I could go on listing many more of these practices.
Perhaps some people will object that I have aired UBF’s dirty laundry on a public website. But this is not UBF’s dirty laundry. These were the standard operating procedures for the fellowship. They happened on a regular basis, and everyone knew about them. There are many, many more scandalous things that I could mention but won’t.
I stand as a witness to the church to tell you that these things actually happened. I am not saying that everything that UBF ever did was bad. I am not saying that all UBF ever did was to abuse people every day. UBF has done many things over the years. And the things I have listed above are a very real part of UBF’s history.
If you witnessed these things too, please say so.
If you think that I’m lying, that I’ve made these things up, please say so.
If you think that this article is just an immature rant and should not be taken seriously, please tell me why.
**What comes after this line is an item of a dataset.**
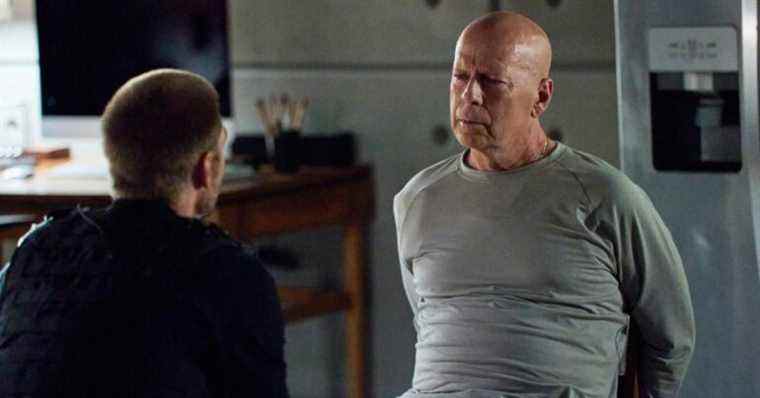 Bruce Willis "sort comme une légende", déclare la co-star du nouveau film
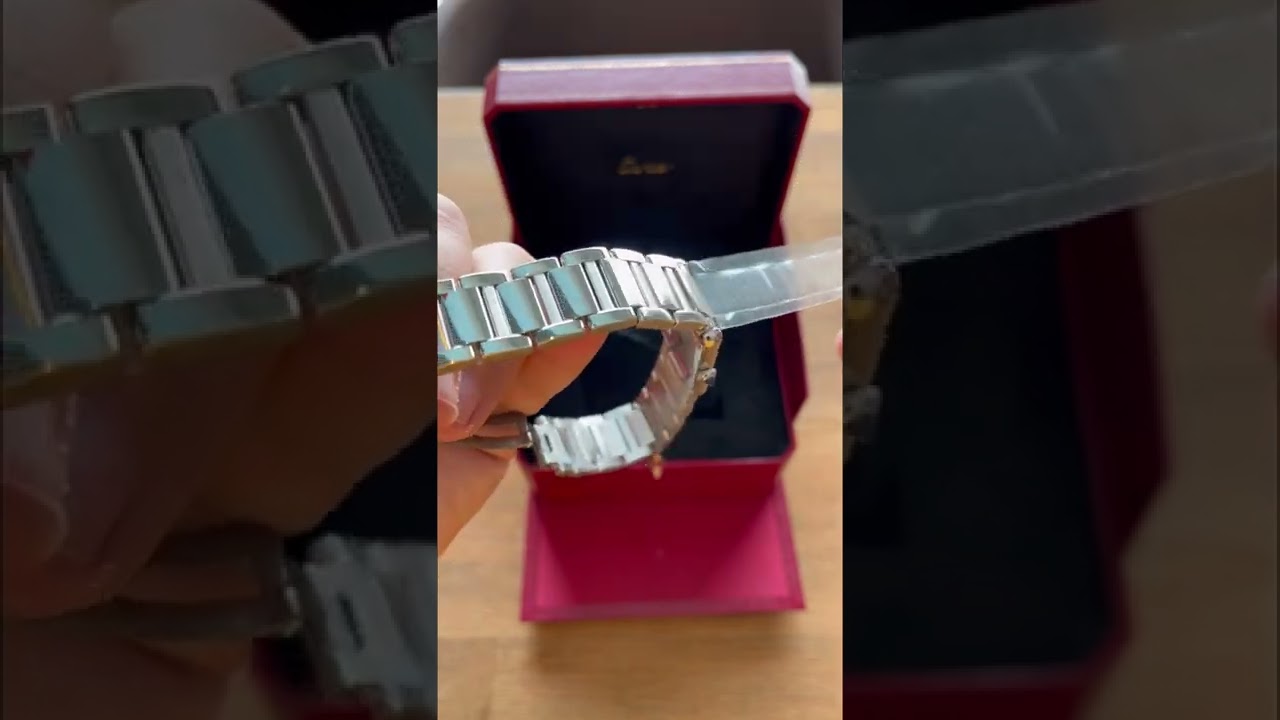 Cartier Tank Must Large Unboxing (WSTA0052) YouTube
If you think that these practices are not a problem and that they are consistent with the gospel, please tell me why.
If you think that these practices have no adverse long-term impact on people, please tell me why.
If you think that UBF can just forget about this stuff and go on trying to preach the gospel and raise disciples without acknowledging its history, please tell me why.
If you think that it was wrong for me to write these things on UBFriends, please tell me when and where and how I could have handled these concerns.